What is expected:
After locating the line that holds "Kasten des Roten Kreuzes", copy that line and all that follow it word for word through the end of the data, with no pictures.

The input:
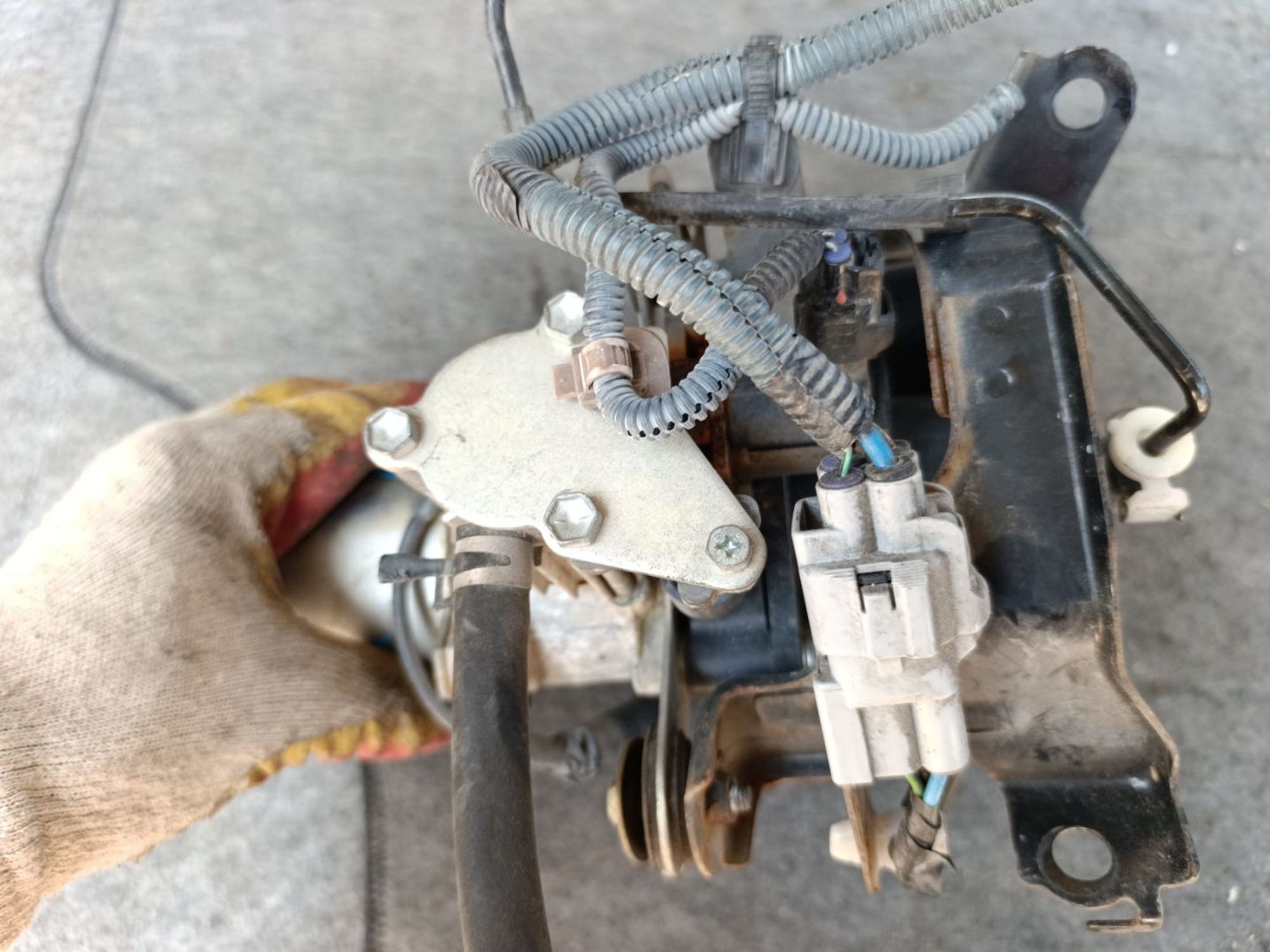 https://ycs.partsauto.market/partsauto-images/thmbs/userImages/d9b05010c61782443e0b3e264cf05921/part/89839a80-e409-4a72-a507-78c9b42ffaa2_1781611323135.jpg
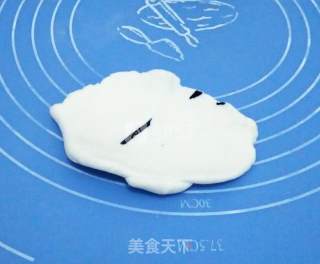 仿真蓝色妖姬翻糖纸杯蛋糕的做法步骤：4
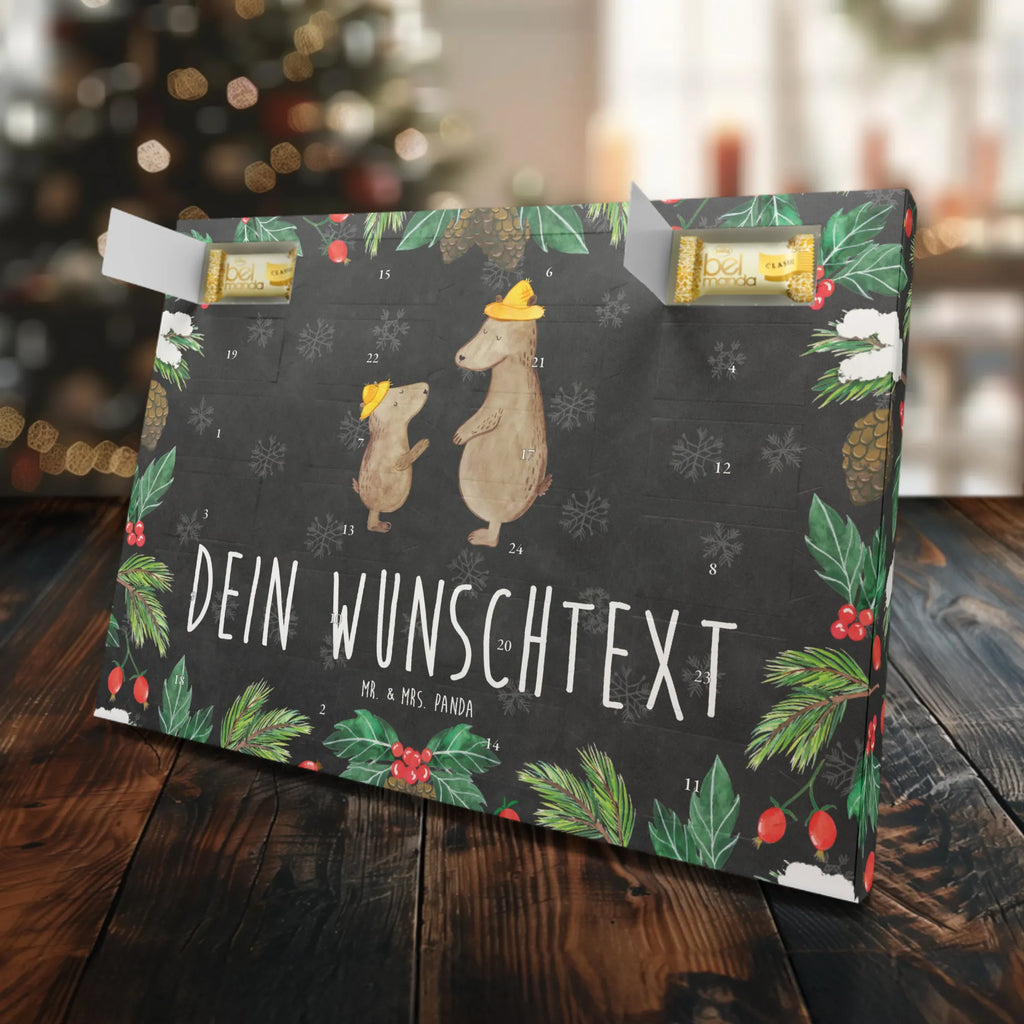 Personalisierter Marzipan Adventskalender Bären mit Hut Personalisierter Marzipan Adventskalender, Familie, Vatertag, Muttertag, Bruder, Schwester, Mama, Papa, Oma, Opa, Family, Daddy, Kinder, Lieblingsmensch, Kind, Paps, Bären, Söhne, Papi, Vorbild, Bär, Vater-Sohn, Sohn, Dad, Vater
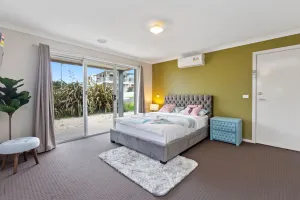 Image of 32 Scenic Apollo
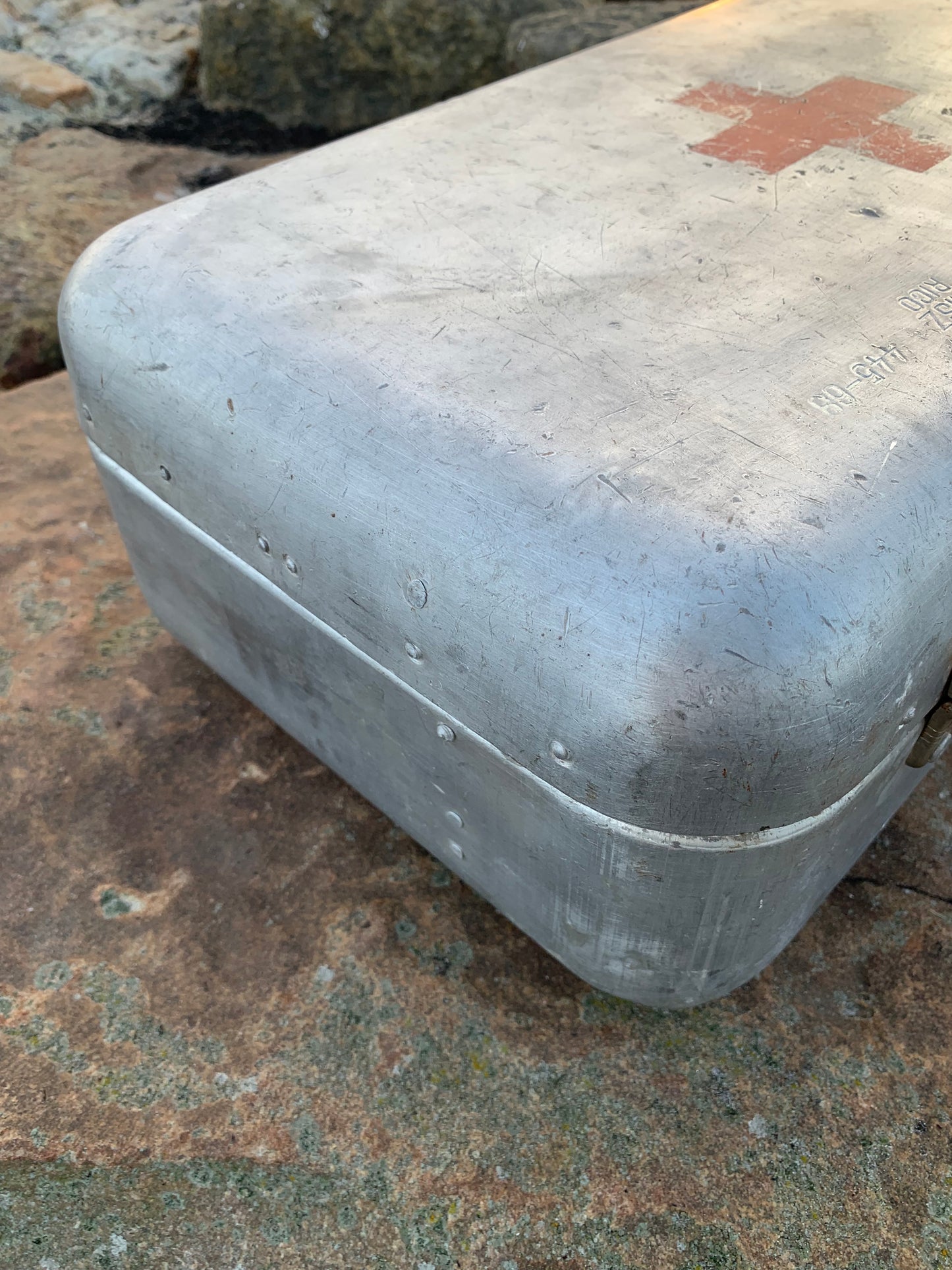 Kasten des Roten Kreuzes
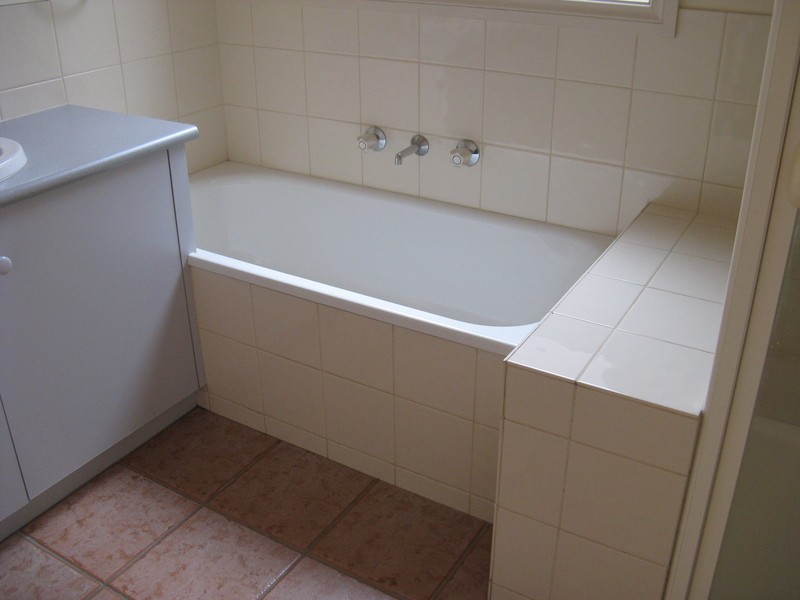 4 Huon Crescent, Leopold VIC 3224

Reply:
 Kasten des Roten Kreuzes
 4 Huon Crescent, Leopold VIC 3224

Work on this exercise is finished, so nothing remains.